French film director Luc Besson accused of rape
AFP

Paris (AFP) – Police in Paris have opened an investigation after an actress accused French film director Luc Besson of rape, judicial sources said Saturday.

“Luc Besson categorically denies these fantasist accusations,” the film-maker’s lawyer Thierry Marembert told AFP. “(The complainant) is someone he knows, towards whom he has never behaved inappropriately.”

Judicial sources said a “complaint has been made for acts qualifying as rape by the plaintiff which happened Thursday night into Friday in Paris,” adding that police were investigating the allegation against the 59-year-old.

Sources said the woman went to police on Friday to file a complaint against Besson, who notably directed The Big Blue, Nikita and Leon, after the alleged assault at the Bristol hotel in the French capital.

The complainant said she had been in a relationship with Besson for around two years, stating she felt pressured into being intimate with him for professional reasons.

One source close to the investigation said Besson was out of the country and had not been questioned.

According to Europe 1 radio, which broke the story, Besson’s accuser said she had “drunk a cup of tea, then felt unwell and lost consciousness”. 

The station quoted her as saying that when she came round she remembered being sexually assaulted.

– Giant of French cinema –

Besson, who is married to a film producer, has three children with his wife and two more from previous relationships.

He has been married four times, including to US actress Milla Jovovich.

Besson is a top name in the French cinema world with 12 Cesar nominations — the country’s equivalent of the Oscars — and 17 films under his belt. 

His 1998 sci-fi blockbuster The Fifth Element, starring Bruce Willis, Gary Oldman and Jovovich, won him his only Cesar national award to date.

A high school dropout who unlike many of his French peers did not attend the prestigious Femis cinema school, Besson learned film-making on the job.

He has attributed his vivid imagination to a solitary childhood spent between Greece and the former Yugoslavia, where his parents worked as scuba-diving instructors.

“At sixteen I had already written a good number of my films, including The Fifth Element,” he likes to recall.

After internships as an assistant director he made his first short film in 1981, developing it into his first feature-length movie, The Last Battle, two years later.

His commercial success has not always been matched by critics’ approval. 

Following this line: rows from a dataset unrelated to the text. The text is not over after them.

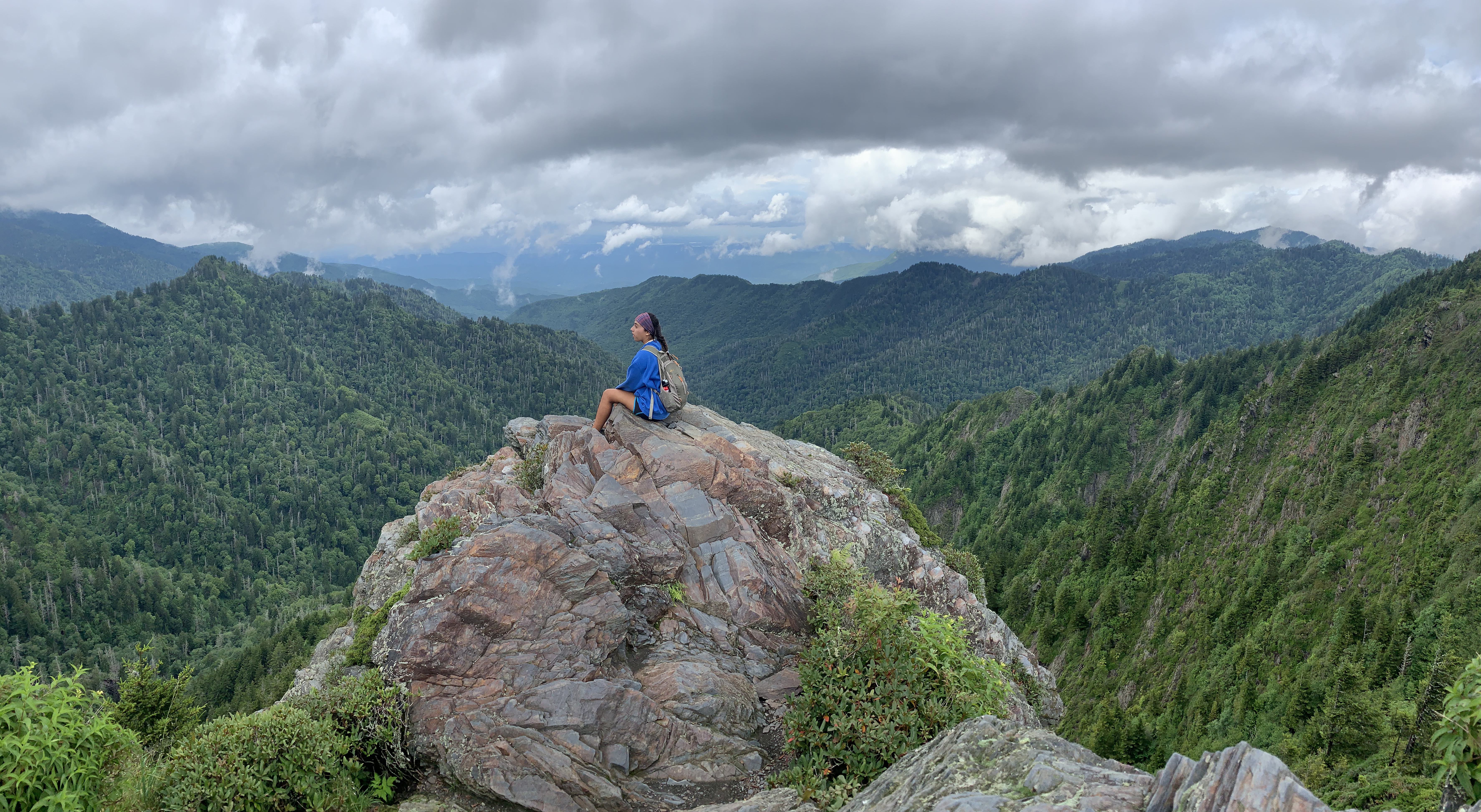 a girl on a boulder in the mountains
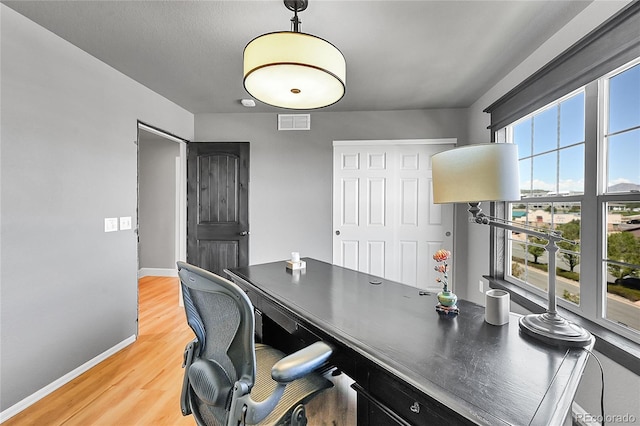 office with baseboards and light wood finished floors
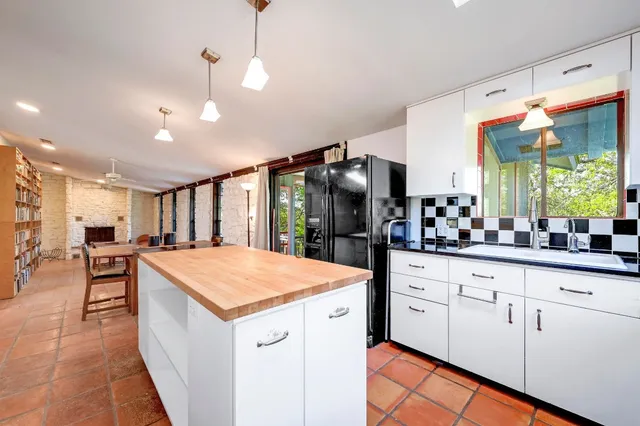 a balcony with wooden floor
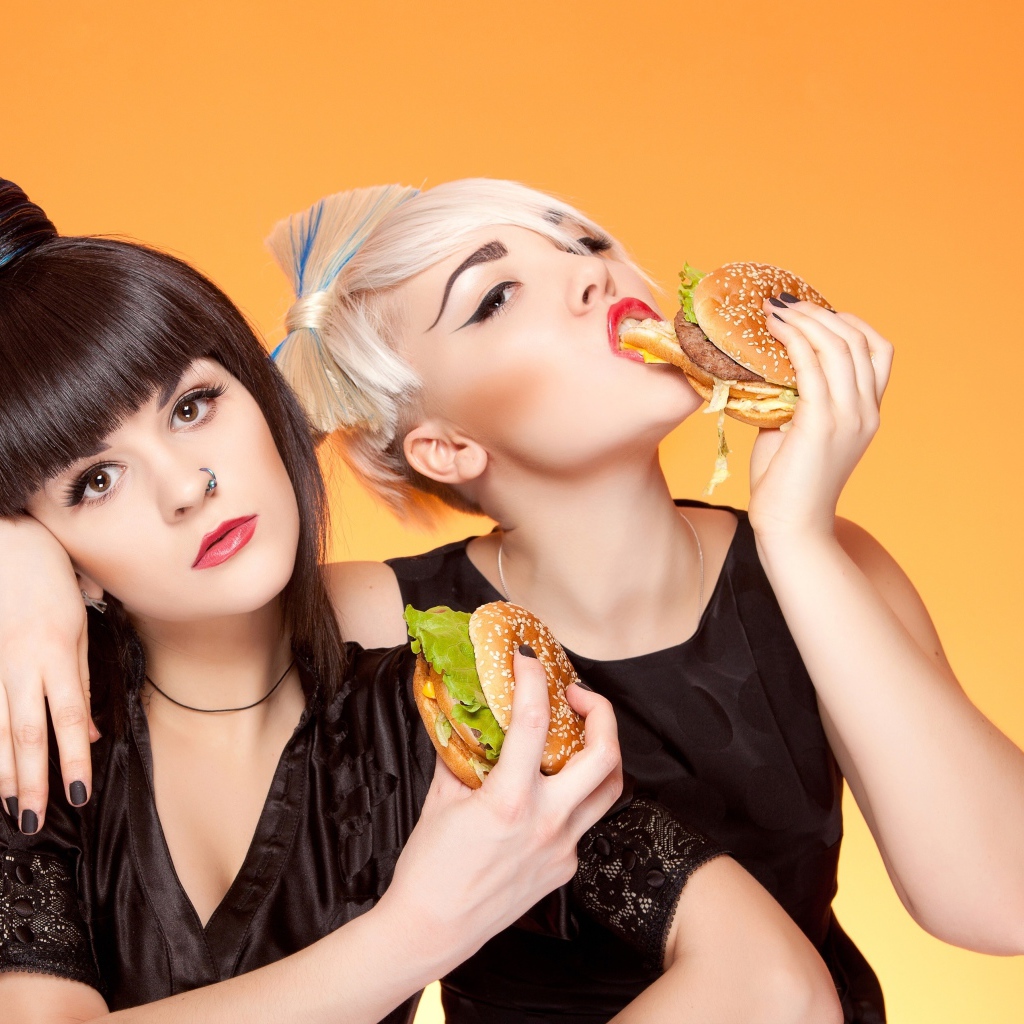 Две девушки с ярким макияжем с гамбургерами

His 1988 cult classic The Big Blue, a tale of rivalry between two champion free divers, was savaged by the press before eventually showing to nearly 12 million people in cinemas around the world.

Besson’s production company EuropaCorp has been battling financial difficulties over the past year with its blockbuster “Valerian” 3D space opera proving a flop.

He was however the best paid French film director last year, earning 4.44 million euros ($5.23 million).

He is regarded as politically influential, having succeeded in convincing authorities to modify tax rules to make it more attractive to shoot movies in France.

He has also campaigned for greater visibility of poor communities in depressed French suburbs, not just through his films but by setting up his Cite du Cinema film studio and school in Seine-Saint-Denis north of Paris, one of France’s poorest regions.